*** Dataset content Section Begins ***
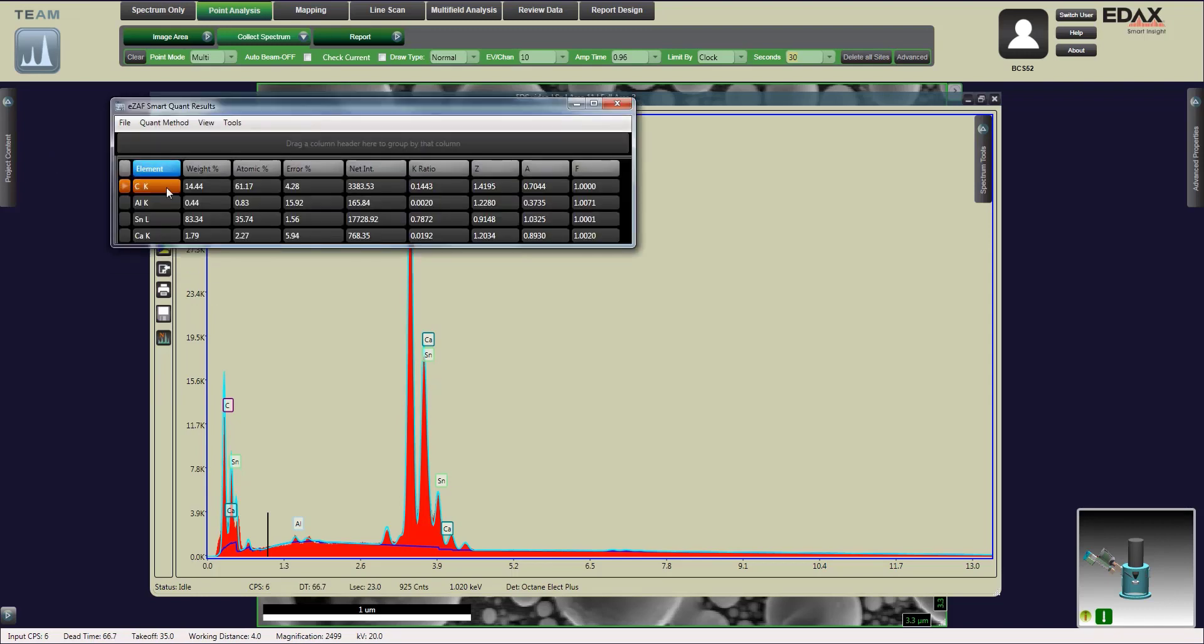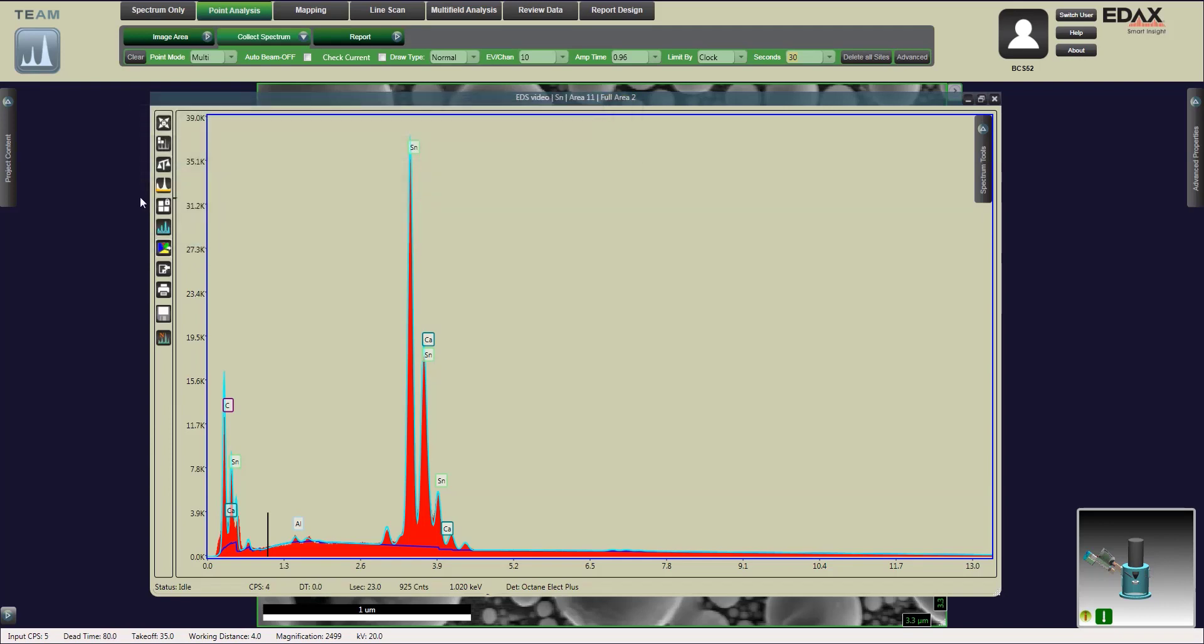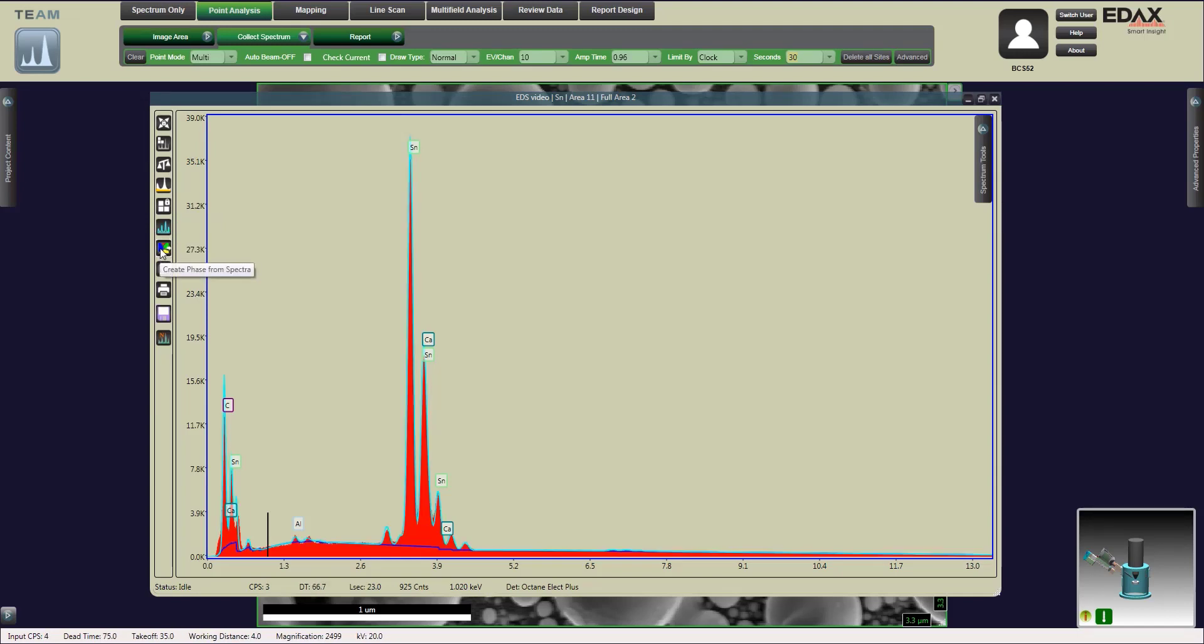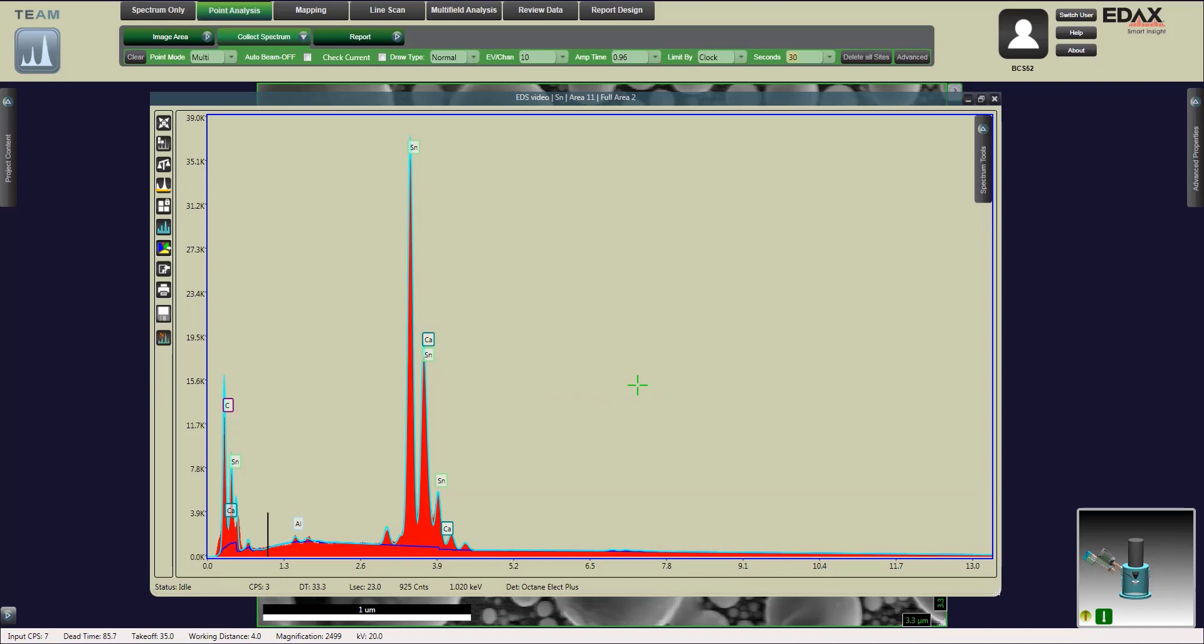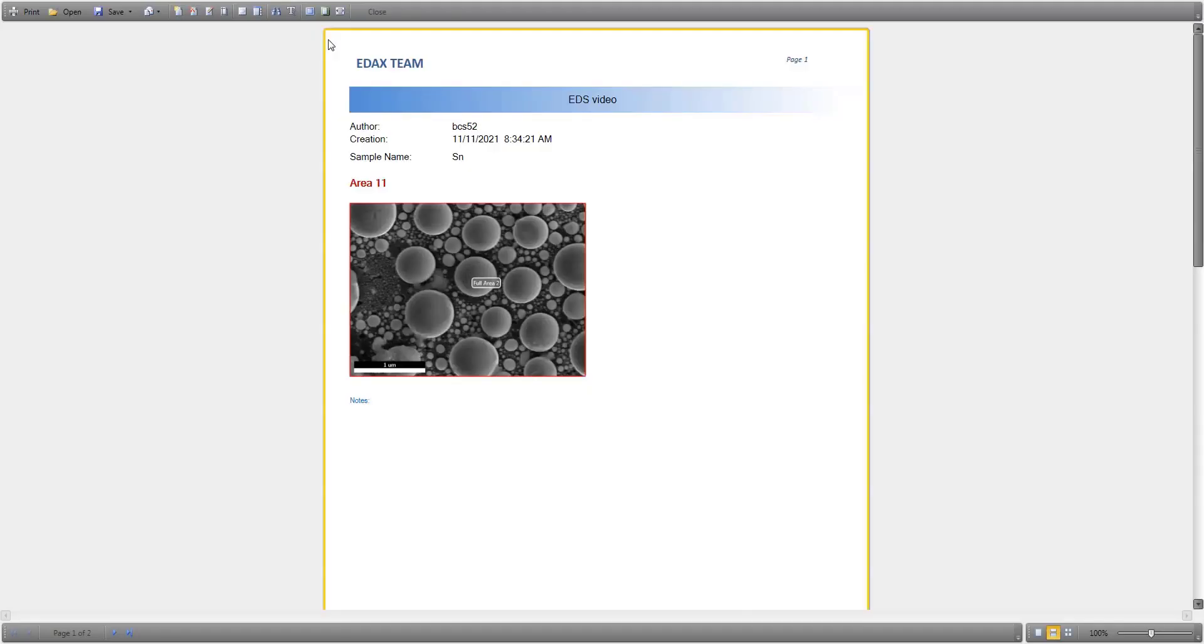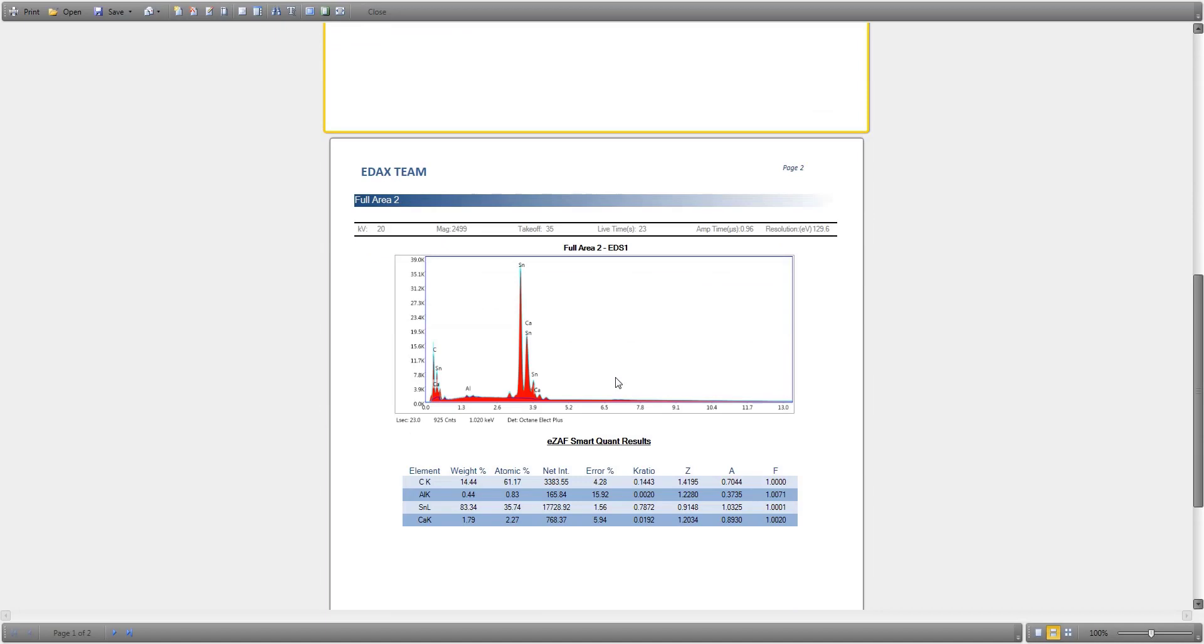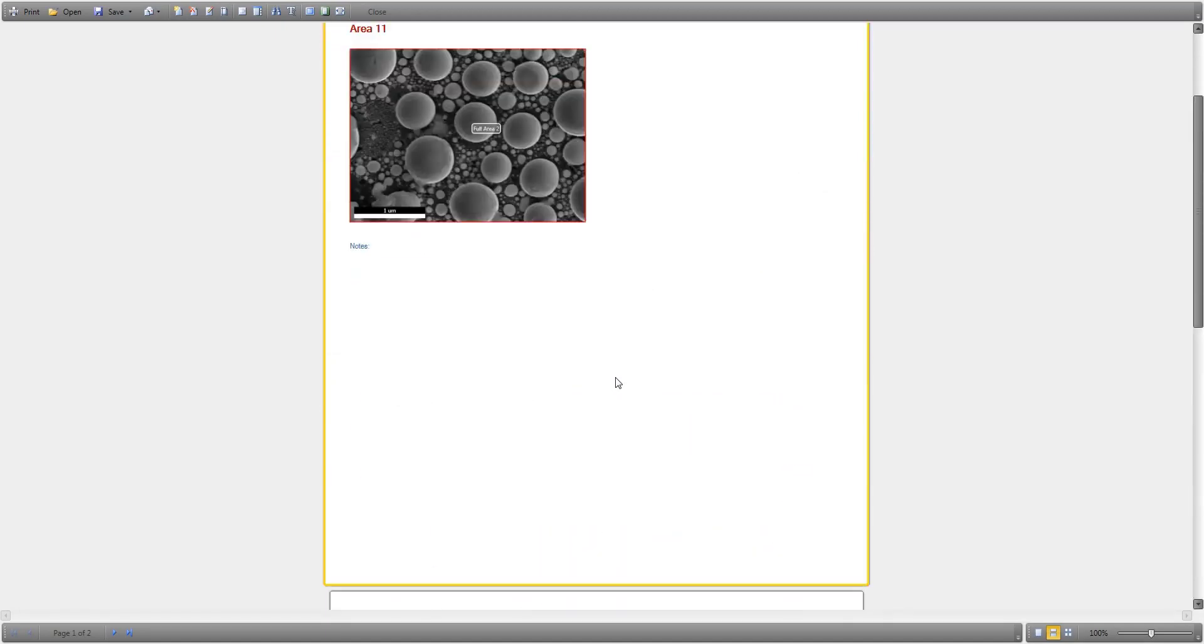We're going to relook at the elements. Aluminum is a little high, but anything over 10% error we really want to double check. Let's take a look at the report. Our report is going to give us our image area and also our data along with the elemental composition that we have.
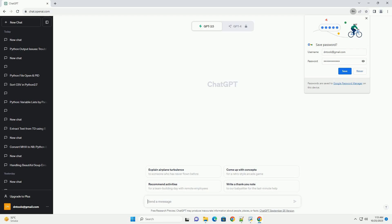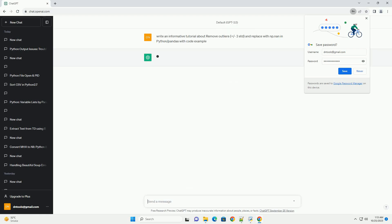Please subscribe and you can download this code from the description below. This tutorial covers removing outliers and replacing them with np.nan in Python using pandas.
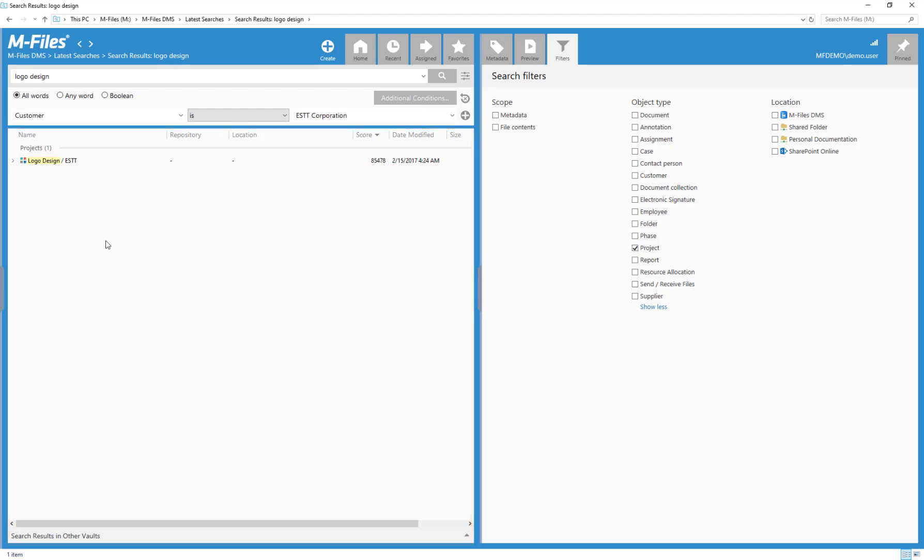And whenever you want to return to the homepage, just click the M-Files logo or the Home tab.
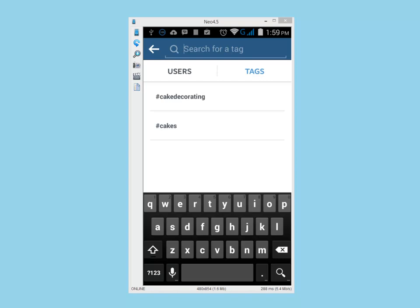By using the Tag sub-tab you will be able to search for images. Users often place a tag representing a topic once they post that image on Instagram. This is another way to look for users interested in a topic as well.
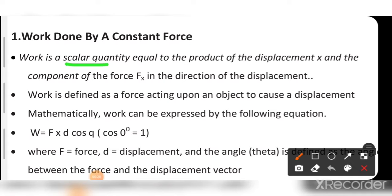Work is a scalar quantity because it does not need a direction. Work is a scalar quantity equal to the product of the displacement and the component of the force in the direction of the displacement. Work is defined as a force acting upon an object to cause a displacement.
*** Dataset content Section Ends ***
Task to carry out:
Exactly as given, transcribe every line of the data, but not its images.

Solution:
We're going to relook at the elements. Aluminum is a little high, but anything over 10% error we really want to double check. Let's take a look at the report. Our report is going to give us our image area and also our data along with the elemental composition that we have.
Please subscribe and you can download this code from the description below. This tutorial covers removing outliers and replacing them with np.nan in Python using pandas.
And whenever you want to return to the homepage, just click the M-Files logo or the Home tab.
By using the Tag sub-tab you will be able to search for images. Users often place a tag representing a topic once they post that image on Instagram. This is another way to look for users interested in a topic as well.
Work is a scalar quantity because it does not need a direction. Work is a scalar quantity equal to the product of the displacement and the component of the force in the direction of the displacement. Work is defined as a force acting upon an object to cause a displacement.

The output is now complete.